Drilling Westward: Exploration of the Barnett Shale Moves As Far West As Stephenville
Posted on: Friday, 17 March 2006, 06:00 CST
By Dan Piller, Fort Worth Star-Telegram, Texas
Mar. 17--STEPHENVILLE -- Jim Tuell stands at a just-completed well site south of Stephenville, now the westernmost outpost of exploration for the Barnett Shale natural-gas field.
Tuell, president of Infinity Energy Resources of Denver, has marked his spot and has something to prove.
"We're producing gas and selling it," he said. "That's what we came here to do."
If Infinity's first glimmer of success is expanded and replicated, then the Barnett Shale's western boundary will edge from east of Granbury and Weatherford to include a line of counties including Hamilton, Bosque, Somervell, Erath, Palo Pinto and Jack.
Right now Erath County is just a drop in the Barnett Shale ocean, producing 261.1 million cubic feet of the Barnett's 465 billion cubic feet total last year. Of that Erath total, 250 million cubic feet came from Infinity's drilling program that reached 13 wells this month.
Conventional wisdom among geologists and engineers -- and expressed daily in the barbecue shacks in the area -- has been that Erath County is a production disaster waiting to happen. Although Erath's Barnett Shale wells are shallower, around 4,300 feet deep versus as much as 8,000 feet in other parts, the shale here is less than a third of the 300- to 400-foot thickness found elsewhere.
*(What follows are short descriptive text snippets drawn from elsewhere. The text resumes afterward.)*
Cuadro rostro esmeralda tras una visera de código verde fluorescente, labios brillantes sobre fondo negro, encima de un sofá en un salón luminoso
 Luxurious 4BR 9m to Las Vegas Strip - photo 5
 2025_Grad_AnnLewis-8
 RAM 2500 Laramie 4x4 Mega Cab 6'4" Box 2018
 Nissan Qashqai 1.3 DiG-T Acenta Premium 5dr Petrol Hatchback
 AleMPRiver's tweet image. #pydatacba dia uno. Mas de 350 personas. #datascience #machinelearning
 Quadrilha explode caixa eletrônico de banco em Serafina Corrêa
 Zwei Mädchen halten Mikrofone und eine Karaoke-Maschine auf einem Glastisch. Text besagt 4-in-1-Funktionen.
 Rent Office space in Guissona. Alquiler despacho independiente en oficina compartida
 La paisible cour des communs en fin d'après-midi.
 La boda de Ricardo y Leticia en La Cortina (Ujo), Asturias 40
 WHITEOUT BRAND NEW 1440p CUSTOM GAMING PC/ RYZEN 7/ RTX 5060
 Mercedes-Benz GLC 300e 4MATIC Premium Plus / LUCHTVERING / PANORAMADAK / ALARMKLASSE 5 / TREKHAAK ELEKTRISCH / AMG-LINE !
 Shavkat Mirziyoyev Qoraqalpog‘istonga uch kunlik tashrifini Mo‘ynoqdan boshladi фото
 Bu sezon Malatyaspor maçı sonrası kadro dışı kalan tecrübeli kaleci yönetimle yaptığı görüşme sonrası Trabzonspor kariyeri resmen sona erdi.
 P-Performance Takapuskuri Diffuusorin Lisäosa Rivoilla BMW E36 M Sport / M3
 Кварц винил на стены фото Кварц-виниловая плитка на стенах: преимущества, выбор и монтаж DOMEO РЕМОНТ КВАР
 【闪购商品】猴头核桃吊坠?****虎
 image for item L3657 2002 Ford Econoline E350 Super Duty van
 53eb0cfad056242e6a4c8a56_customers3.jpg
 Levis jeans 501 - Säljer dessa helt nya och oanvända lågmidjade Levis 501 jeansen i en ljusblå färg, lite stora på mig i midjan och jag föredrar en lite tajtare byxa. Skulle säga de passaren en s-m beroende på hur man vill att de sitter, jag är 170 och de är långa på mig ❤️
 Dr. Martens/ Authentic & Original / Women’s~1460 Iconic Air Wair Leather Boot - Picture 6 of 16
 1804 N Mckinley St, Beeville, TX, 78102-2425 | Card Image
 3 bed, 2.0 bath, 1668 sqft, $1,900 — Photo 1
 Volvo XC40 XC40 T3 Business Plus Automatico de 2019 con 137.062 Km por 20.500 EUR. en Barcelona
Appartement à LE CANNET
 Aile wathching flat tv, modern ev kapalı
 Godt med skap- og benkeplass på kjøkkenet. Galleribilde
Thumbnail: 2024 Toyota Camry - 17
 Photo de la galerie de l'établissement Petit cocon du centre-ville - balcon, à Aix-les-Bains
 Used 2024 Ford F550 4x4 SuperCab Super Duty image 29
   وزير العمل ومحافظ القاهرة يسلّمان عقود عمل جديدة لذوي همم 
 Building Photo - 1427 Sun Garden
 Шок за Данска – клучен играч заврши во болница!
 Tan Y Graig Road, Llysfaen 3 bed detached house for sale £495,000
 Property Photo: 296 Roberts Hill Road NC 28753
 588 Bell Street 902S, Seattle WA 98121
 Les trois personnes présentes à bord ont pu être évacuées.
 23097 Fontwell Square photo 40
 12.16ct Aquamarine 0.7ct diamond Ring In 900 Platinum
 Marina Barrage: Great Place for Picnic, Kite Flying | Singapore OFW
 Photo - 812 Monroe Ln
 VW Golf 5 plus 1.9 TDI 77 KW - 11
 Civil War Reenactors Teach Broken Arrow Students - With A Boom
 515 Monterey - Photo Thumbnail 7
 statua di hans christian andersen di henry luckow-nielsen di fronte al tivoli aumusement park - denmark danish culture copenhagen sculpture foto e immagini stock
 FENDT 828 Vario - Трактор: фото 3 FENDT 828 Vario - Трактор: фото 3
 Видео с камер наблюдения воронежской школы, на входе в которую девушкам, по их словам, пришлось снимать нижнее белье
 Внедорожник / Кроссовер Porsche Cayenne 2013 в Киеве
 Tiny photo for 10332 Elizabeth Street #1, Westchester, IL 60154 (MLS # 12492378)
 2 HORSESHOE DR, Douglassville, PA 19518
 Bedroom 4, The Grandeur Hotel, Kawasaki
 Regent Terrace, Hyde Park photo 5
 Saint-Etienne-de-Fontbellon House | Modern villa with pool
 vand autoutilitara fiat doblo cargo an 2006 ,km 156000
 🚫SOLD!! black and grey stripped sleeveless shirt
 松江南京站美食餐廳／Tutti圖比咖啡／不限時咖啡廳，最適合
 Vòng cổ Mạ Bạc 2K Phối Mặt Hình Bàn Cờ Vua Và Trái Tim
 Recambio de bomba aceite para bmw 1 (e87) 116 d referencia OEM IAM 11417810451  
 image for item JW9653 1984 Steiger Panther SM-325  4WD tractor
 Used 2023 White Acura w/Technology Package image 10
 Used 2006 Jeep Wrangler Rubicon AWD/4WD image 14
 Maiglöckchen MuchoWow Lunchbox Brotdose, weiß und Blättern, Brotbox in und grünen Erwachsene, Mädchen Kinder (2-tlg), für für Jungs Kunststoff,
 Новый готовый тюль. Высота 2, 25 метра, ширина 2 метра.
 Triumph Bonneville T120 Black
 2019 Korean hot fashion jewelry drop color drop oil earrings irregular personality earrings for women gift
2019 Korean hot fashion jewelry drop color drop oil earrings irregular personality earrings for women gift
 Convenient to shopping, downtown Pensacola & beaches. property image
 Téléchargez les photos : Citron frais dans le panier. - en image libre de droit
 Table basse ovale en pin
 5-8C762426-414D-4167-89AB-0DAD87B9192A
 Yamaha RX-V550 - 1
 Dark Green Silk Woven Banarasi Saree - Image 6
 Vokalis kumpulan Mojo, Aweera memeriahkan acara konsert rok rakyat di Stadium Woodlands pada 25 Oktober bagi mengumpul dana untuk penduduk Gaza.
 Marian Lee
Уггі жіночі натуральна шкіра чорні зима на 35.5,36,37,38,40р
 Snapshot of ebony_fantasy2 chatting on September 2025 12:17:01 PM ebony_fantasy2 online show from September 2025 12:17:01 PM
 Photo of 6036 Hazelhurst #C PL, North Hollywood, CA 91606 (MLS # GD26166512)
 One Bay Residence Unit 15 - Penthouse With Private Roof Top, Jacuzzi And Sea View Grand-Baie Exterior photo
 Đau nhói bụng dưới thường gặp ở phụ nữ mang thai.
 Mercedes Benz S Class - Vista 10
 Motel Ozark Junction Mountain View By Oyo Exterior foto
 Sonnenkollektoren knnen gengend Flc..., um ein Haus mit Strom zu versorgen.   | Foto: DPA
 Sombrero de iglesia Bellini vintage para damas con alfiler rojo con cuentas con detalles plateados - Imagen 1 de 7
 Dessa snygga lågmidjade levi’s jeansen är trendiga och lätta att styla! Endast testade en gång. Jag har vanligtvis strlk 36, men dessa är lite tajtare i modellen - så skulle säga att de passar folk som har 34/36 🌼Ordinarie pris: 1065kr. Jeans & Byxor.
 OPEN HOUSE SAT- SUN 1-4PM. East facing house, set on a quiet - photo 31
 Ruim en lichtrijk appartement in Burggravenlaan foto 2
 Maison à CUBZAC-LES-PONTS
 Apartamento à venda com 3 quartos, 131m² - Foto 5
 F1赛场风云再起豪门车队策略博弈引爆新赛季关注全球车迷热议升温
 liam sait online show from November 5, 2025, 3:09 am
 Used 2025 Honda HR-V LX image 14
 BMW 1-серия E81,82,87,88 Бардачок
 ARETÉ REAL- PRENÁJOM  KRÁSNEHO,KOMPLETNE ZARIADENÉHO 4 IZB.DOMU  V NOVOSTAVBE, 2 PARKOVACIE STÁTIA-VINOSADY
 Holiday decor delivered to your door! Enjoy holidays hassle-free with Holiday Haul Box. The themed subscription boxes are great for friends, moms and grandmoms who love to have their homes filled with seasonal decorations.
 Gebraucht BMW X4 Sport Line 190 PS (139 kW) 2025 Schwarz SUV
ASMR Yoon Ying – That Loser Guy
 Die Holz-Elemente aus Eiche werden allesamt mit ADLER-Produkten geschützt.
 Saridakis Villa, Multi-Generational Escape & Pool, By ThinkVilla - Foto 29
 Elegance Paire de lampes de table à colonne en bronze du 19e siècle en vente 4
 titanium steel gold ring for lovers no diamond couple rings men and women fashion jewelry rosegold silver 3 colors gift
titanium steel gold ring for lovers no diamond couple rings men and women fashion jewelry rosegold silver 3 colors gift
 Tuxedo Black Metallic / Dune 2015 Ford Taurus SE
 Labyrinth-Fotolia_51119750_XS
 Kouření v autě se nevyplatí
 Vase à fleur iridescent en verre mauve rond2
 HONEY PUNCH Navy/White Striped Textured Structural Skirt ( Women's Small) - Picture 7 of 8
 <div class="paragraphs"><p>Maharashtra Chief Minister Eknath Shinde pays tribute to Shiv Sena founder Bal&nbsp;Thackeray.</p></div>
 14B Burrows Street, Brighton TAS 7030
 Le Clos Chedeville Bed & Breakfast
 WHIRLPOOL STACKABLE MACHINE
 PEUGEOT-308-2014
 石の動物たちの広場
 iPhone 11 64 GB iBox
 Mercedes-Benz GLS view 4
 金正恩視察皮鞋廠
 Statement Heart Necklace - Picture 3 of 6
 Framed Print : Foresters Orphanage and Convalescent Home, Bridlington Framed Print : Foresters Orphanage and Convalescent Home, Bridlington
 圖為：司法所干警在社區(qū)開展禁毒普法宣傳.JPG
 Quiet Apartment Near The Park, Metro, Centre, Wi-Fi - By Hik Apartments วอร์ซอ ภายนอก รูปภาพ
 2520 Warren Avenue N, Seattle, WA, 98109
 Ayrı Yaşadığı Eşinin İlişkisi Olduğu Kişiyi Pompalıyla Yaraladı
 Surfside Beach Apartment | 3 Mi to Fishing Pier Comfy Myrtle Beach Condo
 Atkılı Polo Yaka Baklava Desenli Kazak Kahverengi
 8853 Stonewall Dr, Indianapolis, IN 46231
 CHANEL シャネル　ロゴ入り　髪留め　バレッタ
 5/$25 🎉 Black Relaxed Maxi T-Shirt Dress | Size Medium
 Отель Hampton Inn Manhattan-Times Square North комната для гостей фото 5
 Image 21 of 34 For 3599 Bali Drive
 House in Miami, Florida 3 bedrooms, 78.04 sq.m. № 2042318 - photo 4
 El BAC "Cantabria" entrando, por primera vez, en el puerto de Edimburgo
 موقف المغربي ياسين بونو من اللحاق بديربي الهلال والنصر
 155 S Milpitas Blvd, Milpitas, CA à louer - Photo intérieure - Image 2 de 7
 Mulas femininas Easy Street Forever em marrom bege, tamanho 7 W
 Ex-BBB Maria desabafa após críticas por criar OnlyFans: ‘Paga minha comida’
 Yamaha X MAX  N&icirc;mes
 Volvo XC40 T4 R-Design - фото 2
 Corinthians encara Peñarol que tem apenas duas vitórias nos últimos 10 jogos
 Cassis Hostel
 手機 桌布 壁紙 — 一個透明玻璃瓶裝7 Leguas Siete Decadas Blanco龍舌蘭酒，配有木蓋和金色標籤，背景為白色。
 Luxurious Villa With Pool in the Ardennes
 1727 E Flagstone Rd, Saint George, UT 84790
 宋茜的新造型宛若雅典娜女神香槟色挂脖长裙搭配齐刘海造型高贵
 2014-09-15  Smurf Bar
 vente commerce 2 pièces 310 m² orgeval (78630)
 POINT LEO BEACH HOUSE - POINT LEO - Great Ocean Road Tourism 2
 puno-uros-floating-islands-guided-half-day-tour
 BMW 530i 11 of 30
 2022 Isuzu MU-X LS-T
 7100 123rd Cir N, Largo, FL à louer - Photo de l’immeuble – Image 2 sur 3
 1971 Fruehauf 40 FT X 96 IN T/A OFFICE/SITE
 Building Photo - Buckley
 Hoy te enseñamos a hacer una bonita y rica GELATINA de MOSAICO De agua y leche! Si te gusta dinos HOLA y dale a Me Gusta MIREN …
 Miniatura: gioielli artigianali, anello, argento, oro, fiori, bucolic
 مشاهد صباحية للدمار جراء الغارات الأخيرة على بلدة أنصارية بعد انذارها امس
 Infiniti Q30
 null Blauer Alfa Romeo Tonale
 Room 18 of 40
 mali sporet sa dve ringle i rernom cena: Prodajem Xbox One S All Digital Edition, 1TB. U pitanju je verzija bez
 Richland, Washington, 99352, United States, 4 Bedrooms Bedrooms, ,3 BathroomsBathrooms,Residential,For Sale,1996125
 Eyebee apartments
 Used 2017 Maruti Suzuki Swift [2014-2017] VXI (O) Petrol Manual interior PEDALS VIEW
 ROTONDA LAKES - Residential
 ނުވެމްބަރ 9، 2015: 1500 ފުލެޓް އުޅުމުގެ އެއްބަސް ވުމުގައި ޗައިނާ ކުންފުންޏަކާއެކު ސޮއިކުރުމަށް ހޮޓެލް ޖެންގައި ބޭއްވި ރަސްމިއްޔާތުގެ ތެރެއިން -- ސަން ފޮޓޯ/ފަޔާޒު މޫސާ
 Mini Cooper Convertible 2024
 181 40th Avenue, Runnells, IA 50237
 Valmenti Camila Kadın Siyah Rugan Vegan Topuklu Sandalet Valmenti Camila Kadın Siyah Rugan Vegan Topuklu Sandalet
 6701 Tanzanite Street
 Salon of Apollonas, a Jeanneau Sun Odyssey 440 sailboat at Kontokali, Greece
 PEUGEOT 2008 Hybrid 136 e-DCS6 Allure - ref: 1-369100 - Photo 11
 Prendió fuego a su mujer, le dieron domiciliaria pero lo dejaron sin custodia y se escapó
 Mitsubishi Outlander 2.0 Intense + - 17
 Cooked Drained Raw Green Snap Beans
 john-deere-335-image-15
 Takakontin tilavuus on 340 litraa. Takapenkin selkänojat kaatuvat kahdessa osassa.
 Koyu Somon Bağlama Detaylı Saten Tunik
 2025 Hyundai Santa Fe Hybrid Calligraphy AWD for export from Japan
Furthermore, the Barnett Shale west of Hood and Parker counties is thought to contain oil -- the eastern fringe of the famous Ranger, Breckinridge, Desdemona and Stephens County oil fields, some of which began producing during World War I and died out shortly thereafter.
The oil, for all its historic glory for Texas, is considered bad for shale because it clogs the rock's permeability, hindering the release of gas.
That's the conventional wisdom. Infinity is trying to rewrite the book.
"We produced about 200 barrels of oil a month from the gas wells, but we also produce gas," says G.D. "Jerry" Gentry, Infinity's vice president of operations. "We are confident that we can produce a profitable gas field here."
Infinity, with 40,000 acres under lease, isn't alone in Erath County. EOG Resources of Houston, Terax Energy of Dallas and Reichmann Petroleum of Grapevine also have lease positions and have begun to drill around Stephenville. Infinity also has an additional 30,000 acres under lease immediately south in Comanche County. It has been joined there by a big-time neighbor, Marathon Oil, which late last year acknowledged leasing in the area.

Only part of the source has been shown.